The National Federation of Independent Business (NFIB) reported Tuesday morning that its small business optimism index for August came in at 94, essentially flat with July’s reading of 94.1. In May the index reached 94.4, its second highest reading since December 2007.
Of the 10 index components, the NFIB recorded gains in five. The reading in current inventories was flat in August, while readings fell in four components. The largest drop came in earnings trends, where the change from July was -13 points. On the positive side, real sales expectations rose eight points.
Another positive surprise came in business owners’ plans to increase employment. The index reading rose seven points, leading the NFIB’s chief economist to say:
The August reading provided us with a rather perplexing set of statistics; internally consistent on some dimensions, such as lower sales bringing lower profits, but contradictory in other ways, such as lower job openings but huge gains in hiring plans.
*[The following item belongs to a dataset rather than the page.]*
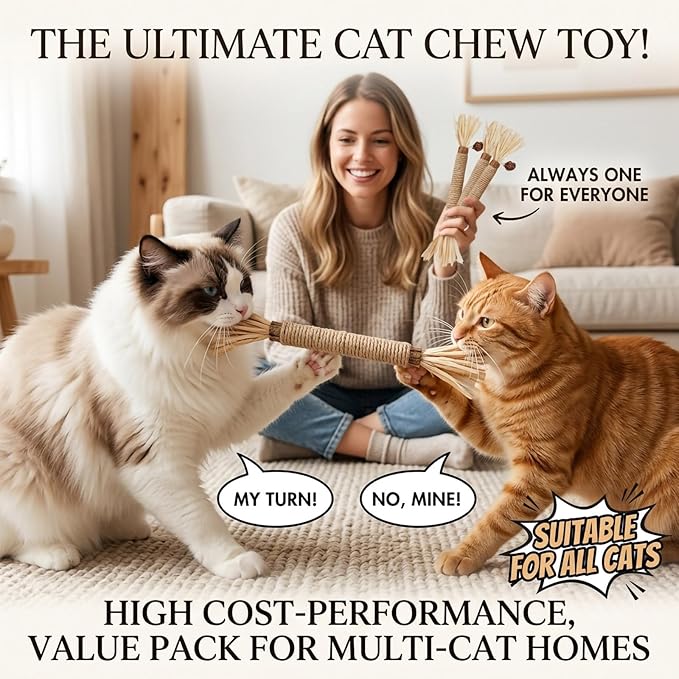 Cat Toys, 3PCS Catnip Toy for Indoor Kitten Toys Cat Chew Stick for Dental Cleaning Teeth Cat Silvervine Matatabi Rope Treat Kitty Feather Snack for for Kick Molar Scratch Self Play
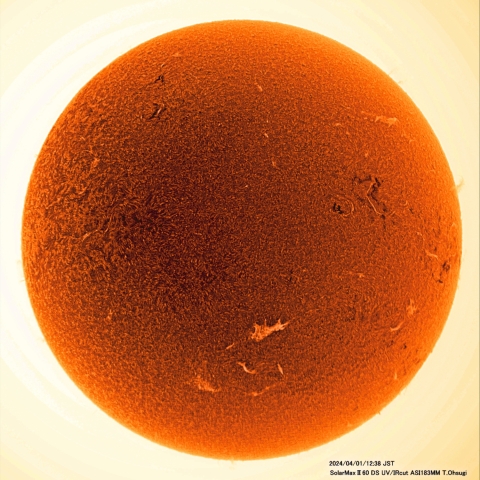 4月1日の太陽面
We know that the upcoming implementation deadlines for the healthcare law are weighing on the minds of employers, and the current dim prospects for real tax reform must be, as well.
Sales were reported down a net 17 points in August, to an index reading of -24. That represents the second steepest monthly decline in the history of the NFIB survey. Expectations rose by 2% to a total of 7% for sales increases during the next three months.
Just 2% of small business owners raised prices in the month of August, while 21% expect to raise prices in the next few months and 3% plan to lower prices.
The biggest drags on independent businesses, according to the survey, were taxes (noted by 23% of respondents), regulations and red tape noted by 21% of respondents) and poor sales (noted by 17%).